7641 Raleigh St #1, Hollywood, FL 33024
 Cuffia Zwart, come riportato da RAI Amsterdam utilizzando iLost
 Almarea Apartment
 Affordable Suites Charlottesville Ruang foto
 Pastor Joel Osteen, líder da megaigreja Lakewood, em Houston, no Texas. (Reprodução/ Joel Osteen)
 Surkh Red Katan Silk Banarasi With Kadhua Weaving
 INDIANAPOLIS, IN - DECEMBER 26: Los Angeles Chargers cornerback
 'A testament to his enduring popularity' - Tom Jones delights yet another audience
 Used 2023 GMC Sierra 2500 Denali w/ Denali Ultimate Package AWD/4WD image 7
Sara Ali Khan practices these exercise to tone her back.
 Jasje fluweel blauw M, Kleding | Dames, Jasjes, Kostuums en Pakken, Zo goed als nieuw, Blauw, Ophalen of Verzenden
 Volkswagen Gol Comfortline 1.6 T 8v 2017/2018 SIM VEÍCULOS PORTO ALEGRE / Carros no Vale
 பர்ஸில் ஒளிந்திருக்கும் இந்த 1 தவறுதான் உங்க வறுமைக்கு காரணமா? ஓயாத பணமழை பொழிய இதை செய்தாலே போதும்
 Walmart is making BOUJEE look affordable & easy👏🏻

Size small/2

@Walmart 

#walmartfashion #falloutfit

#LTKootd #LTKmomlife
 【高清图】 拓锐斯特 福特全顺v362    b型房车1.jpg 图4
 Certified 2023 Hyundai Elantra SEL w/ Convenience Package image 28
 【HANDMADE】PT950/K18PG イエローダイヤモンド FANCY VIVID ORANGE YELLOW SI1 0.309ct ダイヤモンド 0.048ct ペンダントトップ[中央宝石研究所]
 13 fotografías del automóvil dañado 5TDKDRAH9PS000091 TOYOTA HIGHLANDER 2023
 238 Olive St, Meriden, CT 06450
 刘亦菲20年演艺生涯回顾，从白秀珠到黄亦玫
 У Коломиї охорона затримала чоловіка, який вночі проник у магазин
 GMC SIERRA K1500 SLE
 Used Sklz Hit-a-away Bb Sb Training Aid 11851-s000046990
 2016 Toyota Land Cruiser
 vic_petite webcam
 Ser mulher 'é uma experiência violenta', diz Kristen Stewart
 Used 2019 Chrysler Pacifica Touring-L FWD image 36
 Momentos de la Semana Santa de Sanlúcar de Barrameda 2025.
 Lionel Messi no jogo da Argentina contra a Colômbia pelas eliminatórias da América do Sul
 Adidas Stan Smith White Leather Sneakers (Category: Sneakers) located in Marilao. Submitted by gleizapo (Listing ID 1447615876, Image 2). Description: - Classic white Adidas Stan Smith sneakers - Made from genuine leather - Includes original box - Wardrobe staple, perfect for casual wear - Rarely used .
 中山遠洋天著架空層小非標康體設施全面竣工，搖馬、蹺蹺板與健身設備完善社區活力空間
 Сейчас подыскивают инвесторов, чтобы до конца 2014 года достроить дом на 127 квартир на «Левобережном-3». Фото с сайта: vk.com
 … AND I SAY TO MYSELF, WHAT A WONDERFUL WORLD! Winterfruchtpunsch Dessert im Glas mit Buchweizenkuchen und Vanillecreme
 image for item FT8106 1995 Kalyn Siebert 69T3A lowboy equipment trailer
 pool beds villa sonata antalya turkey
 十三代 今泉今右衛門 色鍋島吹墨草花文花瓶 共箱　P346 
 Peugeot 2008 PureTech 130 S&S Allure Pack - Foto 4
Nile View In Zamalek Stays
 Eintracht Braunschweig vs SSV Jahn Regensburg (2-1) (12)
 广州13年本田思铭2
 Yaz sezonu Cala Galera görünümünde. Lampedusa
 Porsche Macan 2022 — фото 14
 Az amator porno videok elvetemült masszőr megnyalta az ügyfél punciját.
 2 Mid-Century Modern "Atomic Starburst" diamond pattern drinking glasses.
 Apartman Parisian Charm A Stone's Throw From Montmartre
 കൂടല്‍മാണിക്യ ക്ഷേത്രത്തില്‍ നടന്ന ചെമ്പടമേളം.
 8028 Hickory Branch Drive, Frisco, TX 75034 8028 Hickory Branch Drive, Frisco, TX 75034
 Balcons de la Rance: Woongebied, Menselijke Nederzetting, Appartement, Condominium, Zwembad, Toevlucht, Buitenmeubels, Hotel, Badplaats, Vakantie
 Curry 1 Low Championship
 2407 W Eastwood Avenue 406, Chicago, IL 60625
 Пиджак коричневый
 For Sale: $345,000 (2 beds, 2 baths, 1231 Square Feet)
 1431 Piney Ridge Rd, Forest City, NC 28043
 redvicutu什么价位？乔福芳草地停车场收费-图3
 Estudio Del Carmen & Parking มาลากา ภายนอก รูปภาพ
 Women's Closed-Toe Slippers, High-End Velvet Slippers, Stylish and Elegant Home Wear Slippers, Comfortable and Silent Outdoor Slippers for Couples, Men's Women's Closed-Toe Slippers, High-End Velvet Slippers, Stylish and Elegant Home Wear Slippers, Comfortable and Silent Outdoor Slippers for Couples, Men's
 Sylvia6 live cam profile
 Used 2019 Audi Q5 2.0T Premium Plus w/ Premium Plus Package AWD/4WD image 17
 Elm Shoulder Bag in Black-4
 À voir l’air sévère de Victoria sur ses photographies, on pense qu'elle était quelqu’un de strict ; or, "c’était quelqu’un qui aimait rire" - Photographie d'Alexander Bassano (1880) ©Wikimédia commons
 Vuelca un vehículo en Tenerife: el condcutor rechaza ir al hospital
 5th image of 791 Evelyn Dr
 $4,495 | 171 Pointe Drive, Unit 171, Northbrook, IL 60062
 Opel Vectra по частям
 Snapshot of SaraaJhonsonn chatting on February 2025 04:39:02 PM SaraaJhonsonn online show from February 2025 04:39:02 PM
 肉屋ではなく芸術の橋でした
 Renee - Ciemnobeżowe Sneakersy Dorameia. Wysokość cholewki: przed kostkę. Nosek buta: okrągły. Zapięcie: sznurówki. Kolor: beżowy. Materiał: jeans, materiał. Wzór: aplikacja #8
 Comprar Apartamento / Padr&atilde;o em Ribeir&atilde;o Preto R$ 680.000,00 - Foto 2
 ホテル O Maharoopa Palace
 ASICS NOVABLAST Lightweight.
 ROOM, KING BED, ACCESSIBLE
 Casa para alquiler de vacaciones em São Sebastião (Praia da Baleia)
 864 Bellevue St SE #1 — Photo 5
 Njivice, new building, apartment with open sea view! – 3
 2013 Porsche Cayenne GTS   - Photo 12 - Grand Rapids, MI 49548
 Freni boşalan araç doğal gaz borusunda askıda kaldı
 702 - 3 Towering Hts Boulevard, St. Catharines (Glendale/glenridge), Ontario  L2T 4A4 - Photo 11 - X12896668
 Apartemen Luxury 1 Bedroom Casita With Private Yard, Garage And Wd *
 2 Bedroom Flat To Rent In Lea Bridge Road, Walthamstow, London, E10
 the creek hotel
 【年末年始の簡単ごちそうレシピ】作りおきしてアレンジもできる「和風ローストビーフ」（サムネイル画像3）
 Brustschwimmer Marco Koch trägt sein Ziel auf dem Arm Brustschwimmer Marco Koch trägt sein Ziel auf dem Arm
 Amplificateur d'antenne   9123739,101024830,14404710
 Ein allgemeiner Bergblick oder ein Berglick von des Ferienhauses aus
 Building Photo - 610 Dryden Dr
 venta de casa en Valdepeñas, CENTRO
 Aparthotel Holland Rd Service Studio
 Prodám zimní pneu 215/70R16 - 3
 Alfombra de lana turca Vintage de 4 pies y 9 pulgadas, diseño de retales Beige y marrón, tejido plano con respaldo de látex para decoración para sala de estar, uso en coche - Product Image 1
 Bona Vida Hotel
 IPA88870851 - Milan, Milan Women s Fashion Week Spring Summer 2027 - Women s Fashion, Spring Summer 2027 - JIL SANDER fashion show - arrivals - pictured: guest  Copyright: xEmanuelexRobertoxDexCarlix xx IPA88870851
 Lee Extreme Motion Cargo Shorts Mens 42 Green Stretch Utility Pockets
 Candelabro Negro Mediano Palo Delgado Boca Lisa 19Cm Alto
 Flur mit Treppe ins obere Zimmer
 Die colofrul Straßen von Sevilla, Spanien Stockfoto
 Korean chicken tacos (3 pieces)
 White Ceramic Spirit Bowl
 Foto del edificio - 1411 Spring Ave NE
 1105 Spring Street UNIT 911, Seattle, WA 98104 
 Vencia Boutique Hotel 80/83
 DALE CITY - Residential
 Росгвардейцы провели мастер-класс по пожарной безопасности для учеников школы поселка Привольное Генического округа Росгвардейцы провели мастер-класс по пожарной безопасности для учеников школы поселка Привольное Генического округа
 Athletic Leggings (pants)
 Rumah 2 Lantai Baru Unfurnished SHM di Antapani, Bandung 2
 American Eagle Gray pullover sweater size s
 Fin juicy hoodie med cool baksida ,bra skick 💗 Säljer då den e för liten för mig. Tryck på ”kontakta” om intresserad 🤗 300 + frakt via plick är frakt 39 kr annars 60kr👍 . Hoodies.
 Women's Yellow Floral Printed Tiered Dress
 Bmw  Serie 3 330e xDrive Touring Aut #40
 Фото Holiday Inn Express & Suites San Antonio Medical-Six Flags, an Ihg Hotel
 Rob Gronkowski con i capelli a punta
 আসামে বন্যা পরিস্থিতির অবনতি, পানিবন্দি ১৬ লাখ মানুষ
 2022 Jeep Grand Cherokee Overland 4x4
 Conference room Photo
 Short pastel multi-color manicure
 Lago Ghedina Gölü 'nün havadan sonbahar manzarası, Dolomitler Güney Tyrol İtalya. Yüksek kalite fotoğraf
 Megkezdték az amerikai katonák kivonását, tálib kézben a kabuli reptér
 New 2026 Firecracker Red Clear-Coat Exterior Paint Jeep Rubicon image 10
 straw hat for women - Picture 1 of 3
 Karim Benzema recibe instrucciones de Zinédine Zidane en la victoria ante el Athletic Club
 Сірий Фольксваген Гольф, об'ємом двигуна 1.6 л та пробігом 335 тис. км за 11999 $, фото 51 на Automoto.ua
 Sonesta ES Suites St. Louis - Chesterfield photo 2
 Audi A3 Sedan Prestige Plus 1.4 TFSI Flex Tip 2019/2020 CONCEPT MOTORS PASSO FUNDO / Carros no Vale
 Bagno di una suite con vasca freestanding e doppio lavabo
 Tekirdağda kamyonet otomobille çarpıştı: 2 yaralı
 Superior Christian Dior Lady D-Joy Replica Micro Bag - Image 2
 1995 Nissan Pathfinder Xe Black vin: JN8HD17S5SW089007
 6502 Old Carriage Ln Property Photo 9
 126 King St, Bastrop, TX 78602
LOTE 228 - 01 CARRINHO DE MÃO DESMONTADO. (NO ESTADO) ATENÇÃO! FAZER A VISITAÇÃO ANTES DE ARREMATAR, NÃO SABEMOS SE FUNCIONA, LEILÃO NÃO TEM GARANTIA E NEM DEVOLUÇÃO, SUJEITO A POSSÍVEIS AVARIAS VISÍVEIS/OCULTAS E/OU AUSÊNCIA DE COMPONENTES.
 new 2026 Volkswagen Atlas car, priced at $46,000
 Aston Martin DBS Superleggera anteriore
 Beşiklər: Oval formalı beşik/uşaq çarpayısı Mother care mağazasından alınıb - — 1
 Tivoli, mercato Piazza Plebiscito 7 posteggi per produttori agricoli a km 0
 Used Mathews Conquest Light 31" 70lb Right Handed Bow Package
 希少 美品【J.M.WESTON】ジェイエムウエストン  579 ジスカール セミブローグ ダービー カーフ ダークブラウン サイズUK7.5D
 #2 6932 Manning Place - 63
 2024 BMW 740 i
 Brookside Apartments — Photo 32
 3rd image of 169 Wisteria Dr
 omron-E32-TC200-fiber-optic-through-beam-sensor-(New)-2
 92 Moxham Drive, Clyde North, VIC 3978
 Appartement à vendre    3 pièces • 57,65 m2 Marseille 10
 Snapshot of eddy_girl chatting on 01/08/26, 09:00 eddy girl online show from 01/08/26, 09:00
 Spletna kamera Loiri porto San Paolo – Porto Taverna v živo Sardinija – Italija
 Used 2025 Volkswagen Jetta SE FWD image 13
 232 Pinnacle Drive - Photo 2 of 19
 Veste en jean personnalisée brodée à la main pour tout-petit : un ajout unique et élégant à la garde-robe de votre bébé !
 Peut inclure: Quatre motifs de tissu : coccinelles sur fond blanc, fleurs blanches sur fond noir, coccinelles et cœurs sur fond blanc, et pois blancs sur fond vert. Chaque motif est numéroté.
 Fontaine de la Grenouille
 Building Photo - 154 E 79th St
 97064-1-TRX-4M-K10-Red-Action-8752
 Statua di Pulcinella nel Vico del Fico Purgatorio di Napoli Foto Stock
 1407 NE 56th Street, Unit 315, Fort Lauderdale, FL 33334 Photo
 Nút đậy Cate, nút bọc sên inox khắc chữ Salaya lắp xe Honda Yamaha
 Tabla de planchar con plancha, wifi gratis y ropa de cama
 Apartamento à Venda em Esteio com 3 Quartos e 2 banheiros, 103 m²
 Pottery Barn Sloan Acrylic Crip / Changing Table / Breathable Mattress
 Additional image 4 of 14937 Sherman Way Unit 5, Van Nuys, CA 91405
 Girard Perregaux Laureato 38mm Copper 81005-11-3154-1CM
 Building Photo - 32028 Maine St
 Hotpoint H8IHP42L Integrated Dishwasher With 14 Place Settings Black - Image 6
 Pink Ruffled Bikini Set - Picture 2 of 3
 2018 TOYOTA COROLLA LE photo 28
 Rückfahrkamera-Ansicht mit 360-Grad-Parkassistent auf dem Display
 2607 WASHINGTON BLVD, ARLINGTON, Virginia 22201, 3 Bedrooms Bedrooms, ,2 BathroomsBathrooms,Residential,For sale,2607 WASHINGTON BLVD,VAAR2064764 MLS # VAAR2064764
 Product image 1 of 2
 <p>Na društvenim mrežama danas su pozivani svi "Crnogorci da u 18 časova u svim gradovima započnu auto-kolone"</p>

- - -

** BRIEF **
Would you print exactly, and only, the lines of the data above from the line with "കൂടല്‍മാണിക്യ ക്ഷേത്രത്തില്‍ നടന്ന" through the line with "For Sale: $345,000", inclusive?

** ANSWER FOR THE TASK **
 കൂടല്‍മാണിക്യ ക്ഷേത്രത്തില്‍ നടന്ന ചെമ്പടമേളം.
 8028 Hickory Branch Drive, Frisco, TX 75034 8028 Hickory Branch Drive, Frisco, TX 75034
 Balcons de la Rance: Woongebied, Menselijke Nederzetting, Appartement, Condominium, Zwembad, Toevlucht, Buitenmeubels, Hotel, Badplaats, Vakantie
 Curry 1 Low Championship
 2407 W Eastwood Avenue 406, Chicago, IL 60625
 Пиджак коричневый
 For Sale: $345,000 (2 beds, 2 baths, 1231 Square Feet)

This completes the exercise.